If this direction is right — if the winner is decided not by the model itself but by who deploys it, where, and how — then Apple’s $14 billion strategy isn’t waste; it’s foresight. Of course, that’s a big “if.”

The risks are just as clear. At launch, AFM 3 won’t be available on iPhones and iPads in the EU or mainland China. Given that a significant share of Apple’s 2 billion active devices sits in those two markets, there’s a hole in the premise of the “maximum distribution” strategy. And whether the “good enough” model is truly good enough can only be verified once real-world use begins this fall.

Closing

To sum up: Apple didn’t lose the AI arms race — it chose the game of reworking and distributing the arms race’s output. For ₩1 trillion a year it distills Google’s frontier model, and it poured the savings into on-device architecture.

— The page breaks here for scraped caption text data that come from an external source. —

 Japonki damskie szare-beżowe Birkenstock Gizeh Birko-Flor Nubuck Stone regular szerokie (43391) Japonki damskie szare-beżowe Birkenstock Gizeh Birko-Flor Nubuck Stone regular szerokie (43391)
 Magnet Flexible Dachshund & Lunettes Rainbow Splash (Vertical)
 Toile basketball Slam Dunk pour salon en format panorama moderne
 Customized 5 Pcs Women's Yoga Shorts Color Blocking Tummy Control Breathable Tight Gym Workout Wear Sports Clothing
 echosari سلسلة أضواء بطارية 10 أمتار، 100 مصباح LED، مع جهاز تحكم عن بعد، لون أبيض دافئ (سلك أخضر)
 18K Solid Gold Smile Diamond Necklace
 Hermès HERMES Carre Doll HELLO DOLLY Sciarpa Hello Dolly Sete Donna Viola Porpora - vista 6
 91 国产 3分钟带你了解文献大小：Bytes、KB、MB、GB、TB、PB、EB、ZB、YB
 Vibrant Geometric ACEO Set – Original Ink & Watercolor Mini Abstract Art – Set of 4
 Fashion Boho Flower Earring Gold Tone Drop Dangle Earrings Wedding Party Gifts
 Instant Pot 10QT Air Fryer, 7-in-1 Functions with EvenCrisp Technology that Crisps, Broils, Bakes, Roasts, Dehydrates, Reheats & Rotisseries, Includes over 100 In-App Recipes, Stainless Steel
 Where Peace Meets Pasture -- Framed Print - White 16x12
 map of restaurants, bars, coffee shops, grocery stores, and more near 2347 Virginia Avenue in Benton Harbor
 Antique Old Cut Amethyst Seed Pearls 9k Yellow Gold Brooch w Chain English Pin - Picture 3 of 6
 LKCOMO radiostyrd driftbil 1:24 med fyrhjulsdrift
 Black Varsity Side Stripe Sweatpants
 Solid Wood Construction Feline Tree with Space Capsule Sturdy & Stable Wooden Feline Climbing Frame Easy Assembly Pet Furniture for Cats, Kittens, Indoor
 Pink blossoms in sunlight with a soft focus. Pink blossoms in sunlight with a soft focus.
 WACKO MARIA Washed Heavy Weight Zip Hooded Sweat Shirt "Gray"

For this strategy to work, AI models have to keep commoditizing. If one model opens up an overwhelming lead, the strategy collapses — but judging by the trend so far, that likelihood keeps shrinking. The real question in the AI race may not be “who builds the smartest model” but “who reaches 2 billion pockets first.”

💬 Which do you think matters more in AI — “model performance” or “distribution scale”? Leave your thoughts in the comments.

References & Further Reading

Primary sources

Background

The author, Kwangseob Ahn, is a professor of business administration at Sejong University and lead consultant at OBF (Oswarld Boutique Consulting Firm). He teaches statistics and data analysis — including business data management and business analytics — at the university, while leading GTM strategy and AI strategy consulting in the field, designing the interface between technology and business. He has published academic research on memory architecture for AI dialogue systems (HEMA) and runs Daily Arxiv, a project curating global AI papers every day. He completed a master’s program at Korea University’s Graduate School of Management of Technology and its KMBA. He is the author of Those Who Outsource Their Thinking: Homo Brainless.

Footnotes

  1. Foundation Model: An AI model pre-trained on large-scale data that can be used as a general-purpose base for a wide range of tasks. GPT, Gemini, and Claude are representative examples.

  2. CapEx (Capital Expenditure): The money a company invests in facilities, infrastructure, and equipment. In the AI era, GPU purchases and data center construction account for most of it.

  3. Distillation: A training technique that transfers the knowledge of a giant “teacher model” into a small “student model.” The student learns by imitating the teacher’s outputs, achieving high performance despite its small size.

  4. IFP (Instruction-Following Pruning): A dynamic pruning technique developed by Apple. It analyzes the user’s input (prompt) and activates only the parameters needed for that task. Unlike conventional pruning, which shrinks the model permanently, it can activate different parts for each request.

  5. NAND flash: The non-volatile memory that stores data in smartphones and SSDs. It’s slower than DRAM but has far greater capacity and retains data when the power is off. Apple turned this storage space into a “warehouse” for its AI model.

  6. MoE (Mixture of Experts): An architecture that places multiple “expert” networks inside a model and activates only some of them depending on the input. It reduces actual compute relative to total parameter count, making large models more efficient to run.